Finding Time Expressions

Overview

ClarityNLP includes a module that locates time expressions in clinical text. By ‘time expression’ we mean a string such as 9:41 AM, 05:12:24.12345, or something similar. The TimeFinder module scans sentences for time expressions, extracts them, and generates output in JSON format.

Source Code

The source code for the time finder module is located in nlp/algorithms/finder/time_finder.py.

Inputs

A single string, the sentence to be scanned for time expressions.

Outputs

A JSON array containing these fields for each time expression found:

Field Name Explanation
text string, text of the complete time expression
start integer, offset of the first character in the matching text
end integer, offset of the final character in the matching text plus 1
hours integer hours
minutes integer minutes
seconds integer seconds
fractional_seconds string, contains digits after decimal point, including any leading zeros
am_pm string, either STR_AM or STR_PM (see values below)
timezone string, timezone code
gmt_delta_sign sign of the UTC offset, either ‘+’ or ‘-’
gmt_delta_hours integer, UTC hour offset
gmt_delta_minutes integer, UTC minute offset

All JSON results contain an identical number of fields.
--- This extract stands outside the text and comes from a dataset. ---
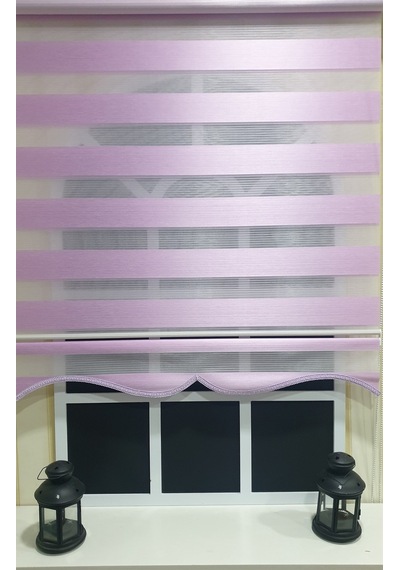 Zebra Stor Perde Organze Lila Etek Dilimli Stb903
Any fields that are not valid for a given time expression will have a value of EMPTY_FIELD and should be ignored.

Algorithm

ClarityNLP uses a set of regular expressions to recognize time expressions. The time_finder module scans a sentence with each time-finding regex and keeps track of any matches. If any matches overlap, an overlap resolution process is used to select a winniner. Each winning match is converted to a TimeValue namedtuple. This object is defined at the top of the source code module and can be imported by other Python code. Each namedtuple is appended to a list as the sentence is scanned. After scanning completes, the list of TimeValue namedtuples is converted to JSON and returned to the caller.

Time Expression Formats

Using notation similar to that used by the PHP time reference, as well as the Wikipedia article on ISO 8601 formats, we define the following quantities:

Shorthand Meaning
h hour digit, 0-9
h12 12 hr. clock, hours only, 0-9
h24 24 hr. clock, hours only, zero-padded, 00-24
m minutes digit, 0-9
mm minutes, zero-padded, 00-59
ss seconds, zero-padded 00-60 (60 means leap second)
am_pm am or pm designator, can be am or pm, either lower or upper case, with each letter optionally followed by a . symbol
t either t or T
f fractional seconds digit
? optional
utc_time hh, hh:mm, hhmm, hh:mm:ss, hhmmss, hh:mm:ss.ffffff, hhmmss.ffffff

With these definitions, the time expression formats that ClarityNLP recognizes are:

Time Expression Format Examples
utc-timeZ 10:14:03Z
utc_time+-hh:mm 10:14:03+01:30, 10:14:03-01:30
utc_time+-hhmm 10:14:03+0130, 10:14:03-0130
utc_time+-hh 10:14:03+01, 10:14:03-01
YYYY-MM-DDTHH:MM:SS(.ffffff)? 1969-07-20T10:14:03.123456
(here MM:SS means minutes and seconds)  
h12 am_pm 4 am, 5PM, 10a.m., 9 pm.
h12m am_pm 5:09 am, 9:41 P.M., 10:02 AM.
h12ms am_pm 06:10:37 am, 10:19:36P.M., 1:02:03AM
h12msf 7:11:39:012345 am, 11:41:22.22334 p.m.
h12m 4:08, 10:14, and 11:59
t?h24m 14:12, 01:27, 10:27, T23:43
t?h24ms 01:03:24, T14:15:16
t?h24msf 04:08:37.81412, 19:20:21.532453, 08:11:40:123456
t?hhmm 0613, t0613
t?hhmmss 232120, 120000
t?h24ms with timezone abbreviation 040837CEST, 112345 PST, T093000 Z
t?h24ms with GMT offset T192021-0700, 14:45:15+03:30

A list of world time zone abbreviations can be found here. ClarityNLP supports this list as well as Z, meaning “Zulu” or UTC time.